Operating in a changing world.

So, in our case, we want to create a Pod for every node in the cluster, and attach a dedicated PVC to it. If a bunch of Pods goes away - either because their nodes exploded, or because an administrator deleted them, or something, we have a load of PVCs lingering with possibly interesting state that hasn’t been replicated yet; so we want them to be re-used when new nodes come back and need new Pods, and if no new nodes are forthcoming, we should go ahead and create additional Pods on the existing nodes to handle the otherwise homeless PVCs.

At first sight, you might be tempted to start writing some code that responds to individual events coming from Kubernetes. After all, a callback gets invoked whenever a node is added, so why not handle that by creating a new Pod to run on that node, with cases to handle when there’s an existing PVC to reuse, or creating a new one? And for the node deletion case, we can see about bringing up a new Pod on an existing node to look after the abandoned PVC left by the Pod that would have been running on that node. In the case of a Pod being deleted, we re-create it so that node isn’t left without a Pod - except that we also get notified of a Pod deletion when a Pod is destroyed by a node shutting down, so we’ll need to work out how to differentiate that case…
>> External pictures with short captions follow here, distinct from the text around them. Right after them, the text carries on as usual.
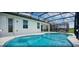 Gorgeous screened-in pool with an outdoor seating area, ideal for entertaining guests at 4504 Monado Dr, Kissimmee, FL 34746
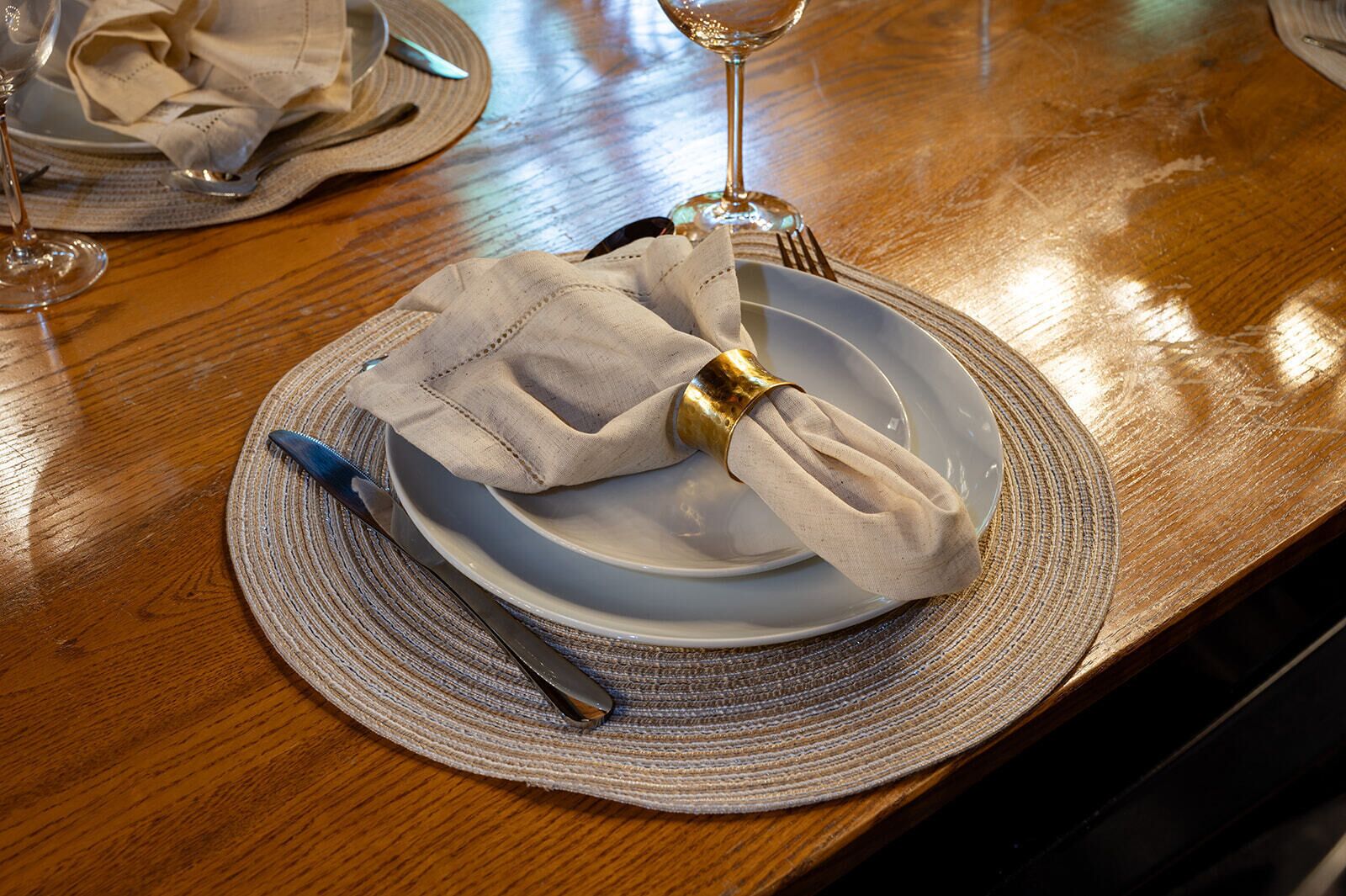A dining table with a plate, napkin, fork, and knife set on a woven placemat.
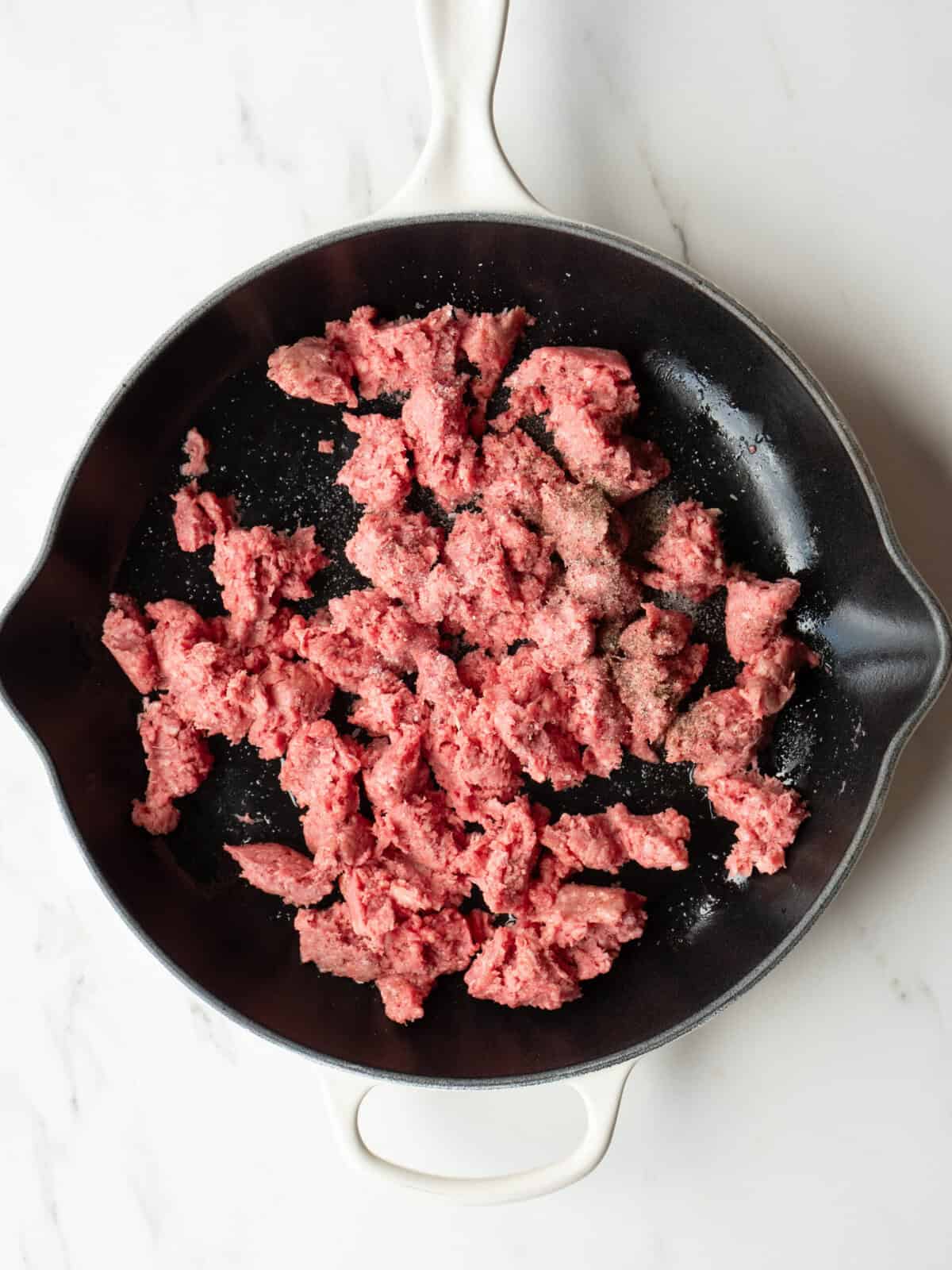 Raw ground beef in skillet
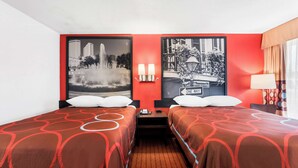 A hotel room with two beds, a nightstand with a phone, and two wall-mounted lamps.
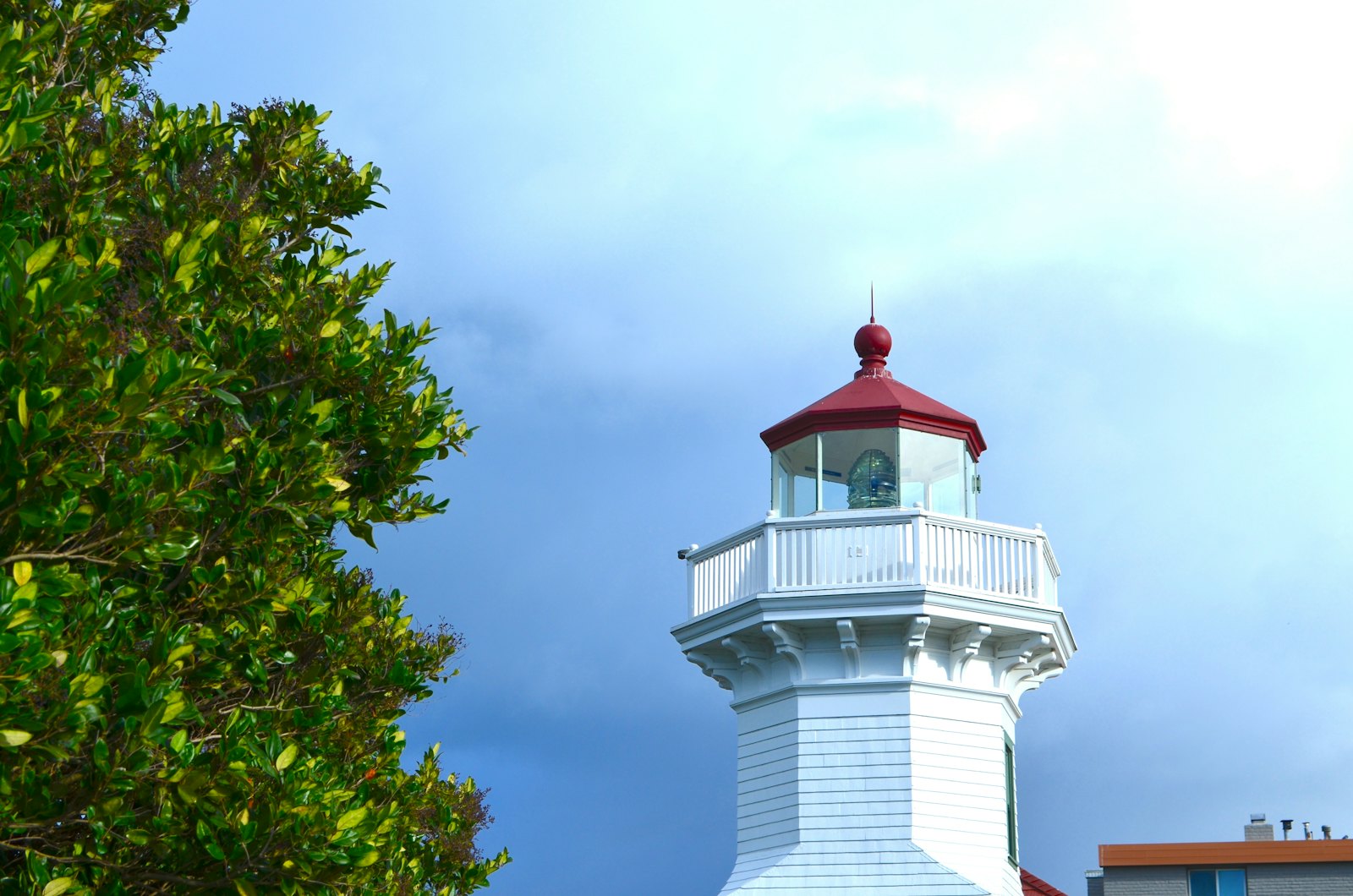 White lighthouse with a red top against a blue sky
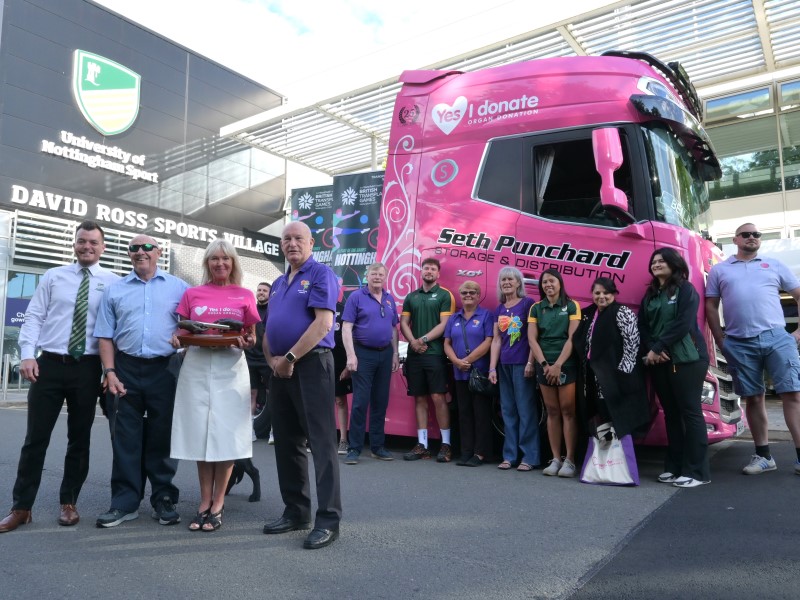 Group photograph with British Transplant Games baton in front of David Ross Sports Village 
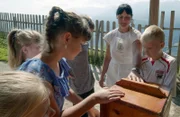 Luzia Kupplewieser lehrt die Kinder bei der Verarbeitung von Butter.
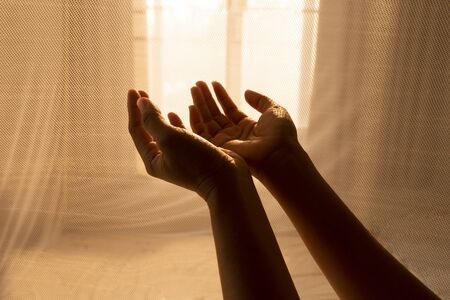 hands of woman pray for religion service with sunlight trough light white curtain background
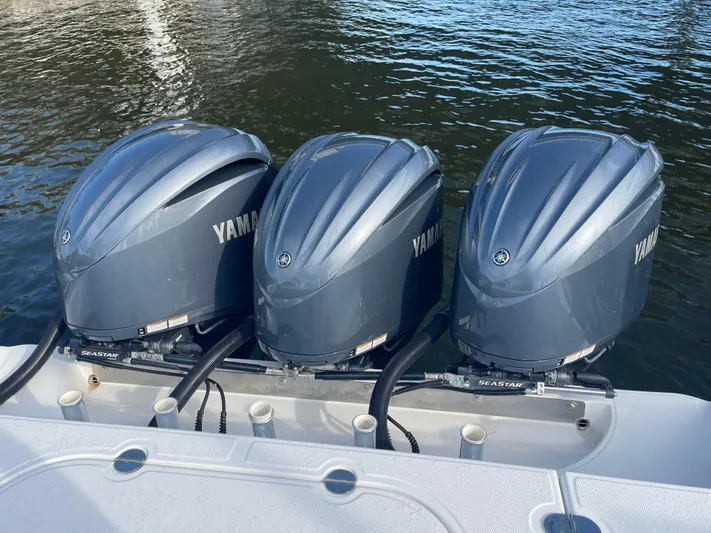  Yacht Photos Pics Three Yamaha outboard motors on a 2013 Bahama 41 Open boat.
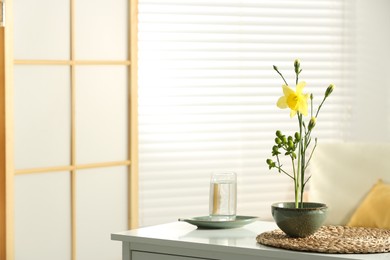 Stylish ikebana with beautiful yellow flowers carrying cozy atmosphere at home, space for text
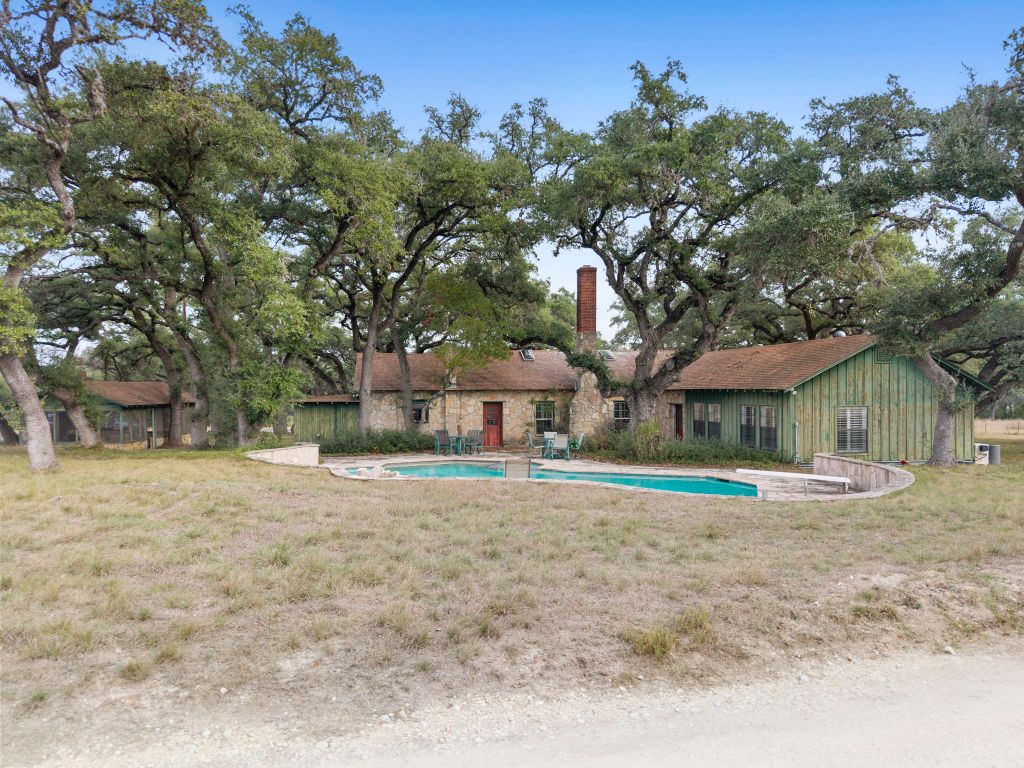 315 Flying R Ranch Road Spring Branch, TX 78070 - Photo 23 of 39 Rear view of property with a chimney, a patio, a lawn, and an outdoor pool
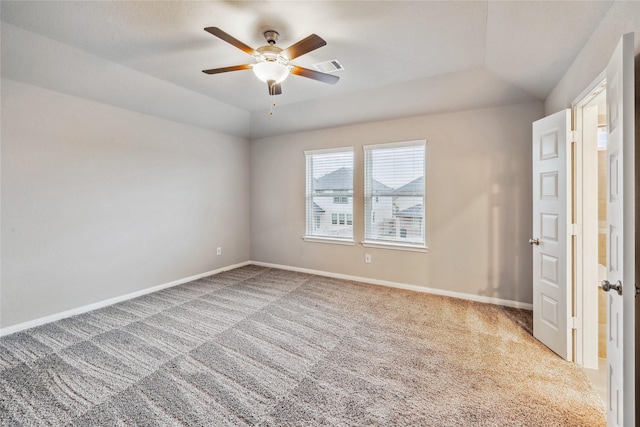 carpeted spare room with vaulted ceiling, a ceiling fan, visible vents, and baseboards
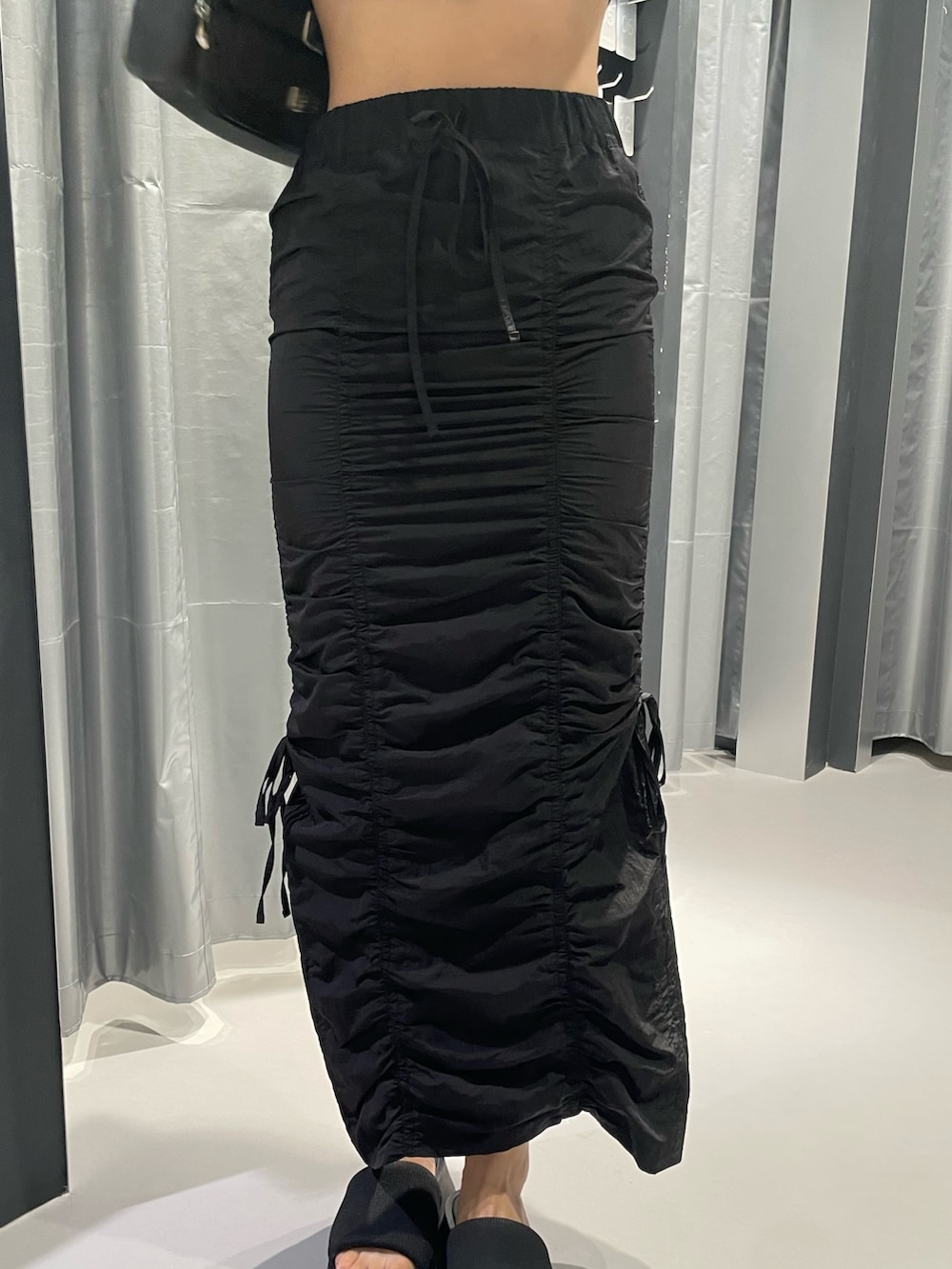 ブラック系のTシャツ/カットソー、ブラック系のスカート、ブラック系のサンダルを着用したレディースの夏コーディネートの7枚目の写真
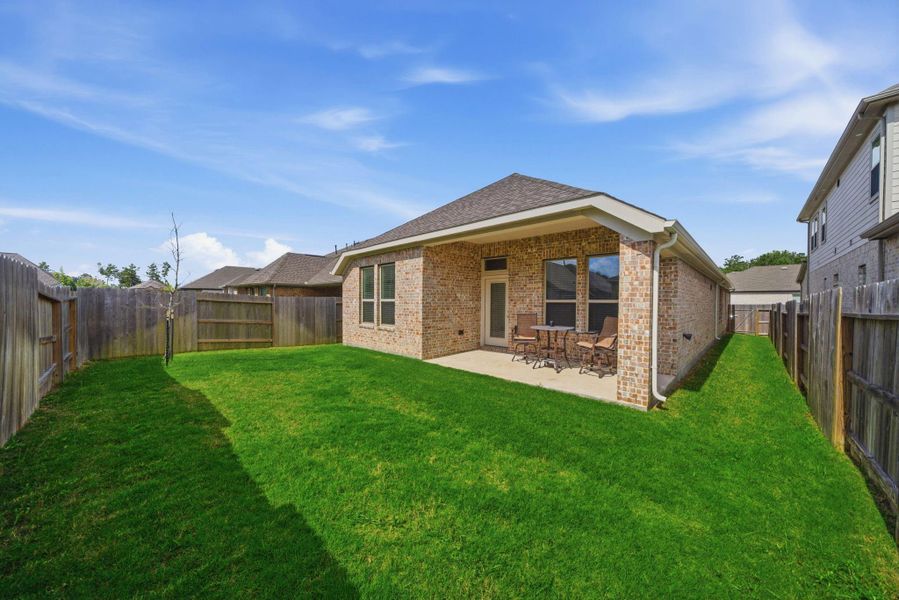 Exterior details and patio area of a home in Artavia, Conroe (Image 3).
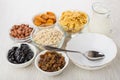 Empty bowl, spoon, milk, ingredients for preparation muesli on t Royalty Free Stock Photo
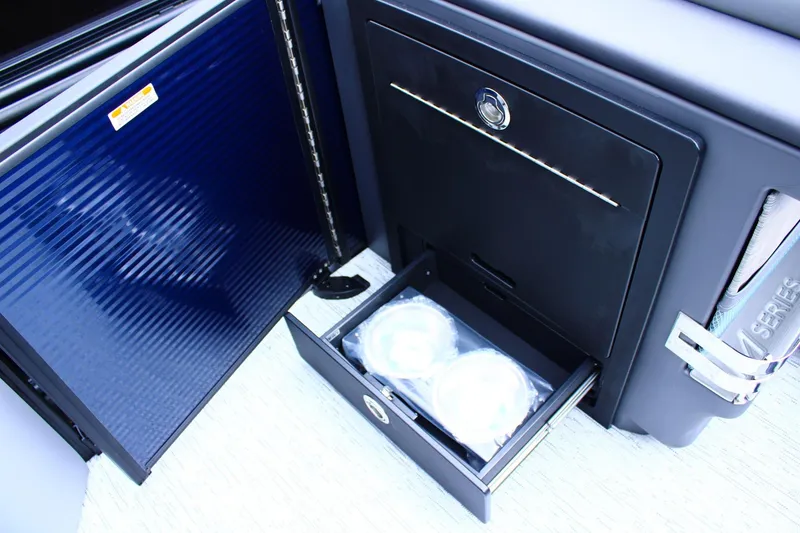 Slide: The Image of 2026 Bennington 24 MFBSF boat interior storage compartments and drawer detail. - 7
What about Pod addition? Well, only we create Pods, so there’s no extra actions we need to do in that case. Likewise with PVC addition and deletion. We’ll need to scan the cluster for an initial list of PVCs when we start up, to see if there are any that are orphaned and need Pods creating, but PVC creation and deletion thereafter isn’t something we need to listen for notifications about. While we’re at it, at startup time, we need to assess the initial state of the system we’ve just started up in. It might be a fresh new cluster, ready for us to create a PVC and a Pod on every node; or it might be an existing system in some arbitrary state, and the operator has just restarted for some reason, so we need to assess the situation and do whatever is required to fix it.

However, this is setting off in a bad direction. We already have duplication of logic - the initial “assess the cluster” logic tries to bring about a certain state, and then the “react to changes” logic also tries to maintain that state; and so the same desired state of the system is written into the software in two places. That alone is a recipe for bugs, but our interpretation of object adds/deletions as the cluster growing or shrinking has subtler problems. Complicated events such as a cluster Kubernetes upgrade might involve a stream of Pod/node deletions coupled with node additions as upgraded nodes re-join the cluster. That will keep the operator busy with what might, in a large cluster with lots of complicated resources, become a torrent of little events; the operator can’t see the wood for the trees.

A much better approach is to just implement that initial startup logic: look at the state of the cluster, see what’s wrong with that state, and take steps to improve that state. We need to do that on initial startup in a cluster of completely unknown state, but we can also use exactly the same logic to react to a subsequent change. For the Dotmesh Operator, we’ve taken the approach of just setting a “change is needed” flag when any node, Pod or PVC is created, updated, or destroyed; and once a second, a separate goroutine polls that flag. If it’s set, it does a full check on the nodes, PVCs and Pods in the system, identifies any problems, and fixes them. The “problems” in our case are:

  • Nodes not running at least one Dotmesh Pod, that should (in the ConfigMap is a selector to match the nodes that should run Dotmesh). Solution: Fire up Dotmesh on that node, using an existing PVC if one’s free, or creating a new one.
  • Nodes running a Dotmesh Pod, that shouldn’t. Solution: Kill the Pod.
  • Dotmesh Pods that have a problem (they’re running the wrong image, or are broken in some way). Solution: Kill the Pod.
  • PVCs that aren’t attached to any Pod. Solution: Fire up Dotmesh on a random node, using that PVC.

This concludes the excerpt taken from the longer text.